### Anndata object for regression classifier from ISP gene knockouts
Things I'm adding to the original HVG-related adata:
- `.obsm["orig_embedding"]`: original embeddings for each cell
- `.uns["knockout_embedddings"]`: dictionary of genes to the embedding corresponding to their knockout
- `.uns["embedding_differences"]`: difference in embedding for original and per gene knockout

In [1]:
import sys
import os

sys.path.append('/work/magroup/kaileyhu/Geneformer')

import torch
import pandas as pd 
import numpy as np
import scanpy as sc
import anndata as ad
from tqdm import tqdm
import pickle

# regression / optimizer imports
import torch.nn as nn
import torch.optim as optim

from geneformer import EmbExtractor

from anndata.experimental.pytorch import AnnLoader

pd.options.mode.chained_assignment = None # suppress copy warnings for df

In [2]:
adata = sc.read_h5ad("/work/magroup/kaileyhu/datasets/depmap/processed/hvg/omics_expr_hvg_500.h5ad")

In [3]:
n_cells = len(adata.X)
n_genes = len(adata.X[0]) # = 500 HVGs
embedding_dim = 256

In [4]:
# make df match adata
def match_adata(df, adata, is_sub):
    for patient in df.index:
        if patient not in adata.obs_names:
            df.drop(patient, axis = 1)
            
    df = df[~df.index.duplicated(keep='first')]
    
    for patient in adata.obs_names:
        if patient not in df.index:
            if is_sub:  
                df.loc[patient] = 0
                
            else:
                df.loc[patient] = adata.obsm["orig_embedding"].loc[patient]# pd.Series(dtype='float64')
        
        if (is_sub):
            df.loc[patient] = df.loc[patient].fillna(0)
    
    df = df.reindex(adata.obs_names)
    return df

In [None]:
# obtain the original embeddings first

# initiate EmbExtractor
embex = EmbExtractor(model_type="Pretrained",
                     num_classes=0,
                     emb_mode="cell",
                     emb_layer=-1,
                     emb_label=["patient_id"],
                     forward_batch_size=100, # 200
                     max_ncells=n_cells,
                     nproc=16)

# extracts embedding from input data
embs = embex.extract_embs("/work/magroup/kaileyhu/Geneformer/geneformer-12L-30M/",
                          "/work/magroup/kaileyhu/res/hvg_500_tokenized.dataset",
                          "/work/magroup/kaileyhu/res/via_classifier/",
                          "orig_embedding")

In [None]:
print(torch.cuda.is_available())  # Should return True if CUDA is available
print(torch.__version__)         # Check the CUDA version PyTorch is using
# print(torch.cuda.get_device_name(0)) 

In [None]:
embs.to_csv("/work/magroup/kaileyhu/res/via_classifier/orig_embedding.csv")

In [5]:
orig_embedding = pd.read_csv("/work/magroup/kaileyhu/res/via_classifier/orig_embedding.csv")
orig_embedding.set_index("patient_id", inplace=True)
orig_embedding.drop(columns = ["Unnamed: 0"], inplace=True)
orig_embedding = match_adata(orig_embedding, adata, False)
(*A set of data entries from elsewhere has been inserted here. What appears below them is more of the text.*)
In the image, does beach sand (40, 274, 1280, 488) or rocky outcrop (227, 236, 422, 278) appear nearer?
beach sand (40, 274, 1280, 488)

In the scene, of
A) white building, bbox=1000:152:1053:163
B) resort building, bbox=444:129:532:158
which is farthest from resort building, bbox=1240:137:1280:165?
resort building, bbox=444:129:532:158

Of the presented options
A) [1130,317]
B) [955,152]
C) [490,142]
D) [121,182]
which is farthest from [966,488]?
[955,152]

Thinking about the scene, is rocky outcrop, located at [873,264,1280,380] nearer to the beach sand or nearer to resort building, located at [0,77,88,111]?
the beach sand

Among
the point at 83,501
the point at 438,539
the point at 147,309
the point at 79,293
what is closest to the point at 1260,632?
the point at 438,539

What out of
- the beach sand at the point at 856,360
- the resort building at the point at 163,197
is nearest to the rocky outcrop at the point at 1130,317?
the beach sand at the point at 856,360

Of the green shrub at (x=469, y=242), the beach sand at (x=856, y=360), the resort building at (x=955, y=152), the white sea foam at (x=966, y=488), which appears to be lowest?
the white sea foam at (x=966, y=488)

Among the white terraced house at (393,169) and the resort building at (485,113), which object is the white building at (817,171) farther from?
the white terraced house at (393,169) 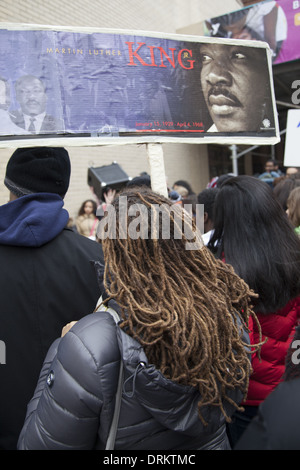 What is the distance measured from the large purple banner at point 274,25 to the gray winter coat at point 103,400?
8.73 meters

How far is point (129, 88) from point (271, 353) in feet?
4.70

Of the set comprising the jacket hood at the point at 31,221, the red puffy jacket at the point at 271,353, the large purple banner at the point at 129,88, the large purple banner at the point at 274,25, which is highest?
the large purple banner at the point at 274,25

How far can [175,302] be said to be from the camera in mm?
1069

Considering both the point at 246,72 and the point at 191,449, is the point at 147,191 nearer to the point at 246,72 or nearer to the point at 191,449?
A: the point at 191,449

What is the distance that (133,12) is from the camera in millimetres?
8102

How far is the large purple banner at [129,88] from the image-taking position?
1688 mm

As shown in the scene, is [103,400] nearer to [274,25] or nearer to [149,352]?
[149,352]

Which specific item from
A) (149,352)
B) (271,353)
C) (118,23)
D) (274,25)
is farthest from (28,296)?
(274,25)

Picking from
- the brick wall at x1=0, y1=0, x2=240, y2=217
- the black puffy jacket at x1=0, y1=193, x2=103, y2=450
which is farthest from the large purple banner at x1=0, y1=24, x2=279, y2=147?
the brick wall at x1=0, y1=0, x2=240, y2=217

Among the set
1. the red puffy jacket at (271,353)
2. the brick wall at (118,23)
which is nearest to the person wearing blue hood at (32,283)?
the red puffy jacket at (271,353)

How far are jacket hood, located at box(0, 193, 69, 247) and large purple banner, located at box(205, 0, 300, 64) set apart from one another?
324 inches

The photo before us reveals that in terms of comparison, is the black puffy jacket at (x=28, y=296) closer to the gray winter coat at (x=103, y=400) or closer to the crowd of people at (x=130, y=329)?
the crowd of people at (x=130, y=329)

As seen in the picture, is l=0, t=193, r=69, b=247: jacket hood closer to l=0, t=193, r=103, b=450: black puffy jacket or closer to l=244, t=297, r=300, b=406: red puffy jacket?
l=0, t=193, r=103, b=450: black puffy jacket

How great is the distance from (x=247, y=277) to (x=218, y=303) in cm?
57
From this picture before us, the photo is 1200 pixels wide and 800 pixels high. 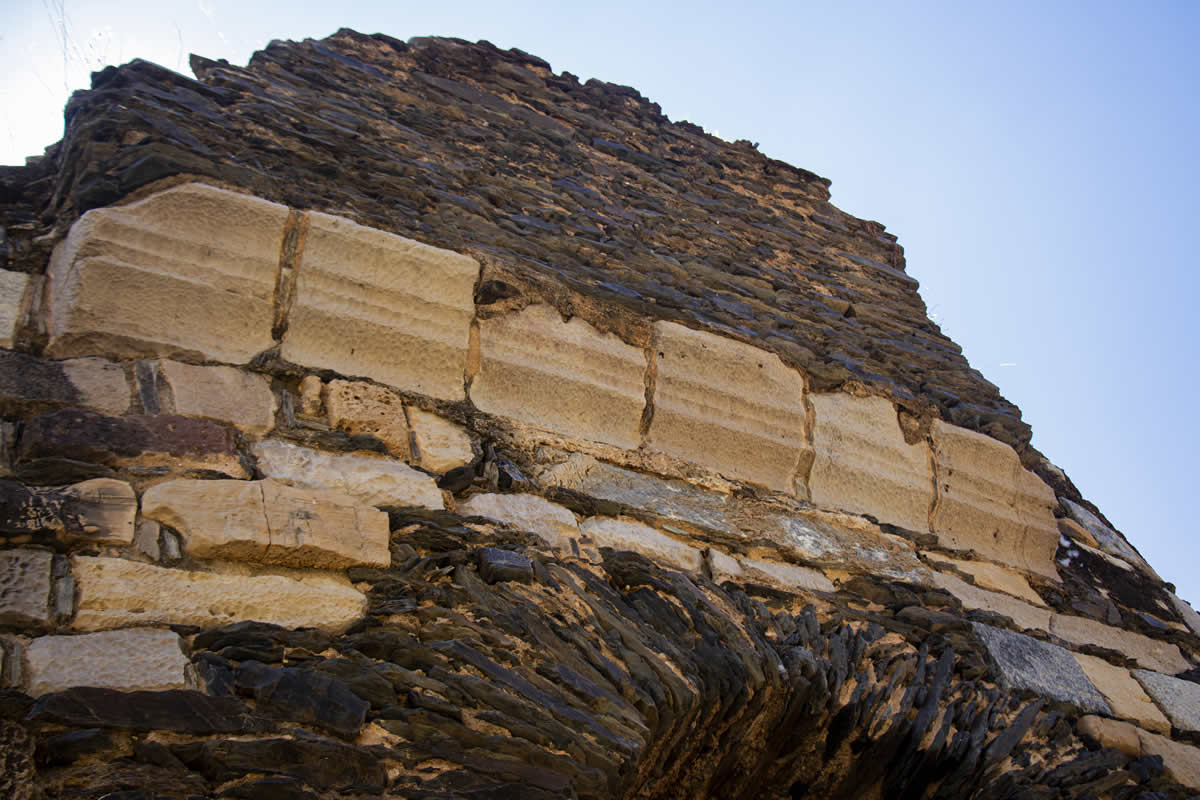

print("Original embedding has NAN values?", orig_embedding.isna().any().any())

Original embedding has NAN values? False


In [6]:
adata.obsm["orig_embedding"] = orig_embedding

In [None]:
adata

### Add knockout files

In [9]:
ko_files = os.listdir("/work/magroup/kaileyhu/res/perturbed_embs/") # get all perturbed csv's
print("Total files:", len(ko_files))

Total files: 436


In [10]:
ko_embs = {}
for file in tqdm(ko_files):
    df_file = pd.read_csv("/work/magroup/kaileyhu/res/perturbed_embs/"+file)
    df_file.set_index("patient_id", inplace=True)
    df_file = match_adata(df_file, adata, False)
    ad_name = "gene_"+file.split('.')[0]

    if (df_file.isna().any().any()):
        print("Error: dataframe for", ad_name, "contains NAN values")
        break
        
    ko_embs[ad_name] = df_file
    
adata.uns["knockout_embeddings"] = ko_embs

100%|██████████| 436/436 [03:15<00:00,  2.22it/s]


In [7]:
diff_files = os.listdir("/work/magroup/kaileyhu/res/perturbed_embs/") # get all perturbed csv's
print("Total files:", len(diff_files))

Total files: 436


In [8]:
sub_embs = {}
via_dict = {}

for file in tqdm(diff_files):
    df_file = pd.read_csv("/work/magroup/kaileyhu/res/subtracted_embs/"+file)
    df_file.set_index("patient_id", inplace=True)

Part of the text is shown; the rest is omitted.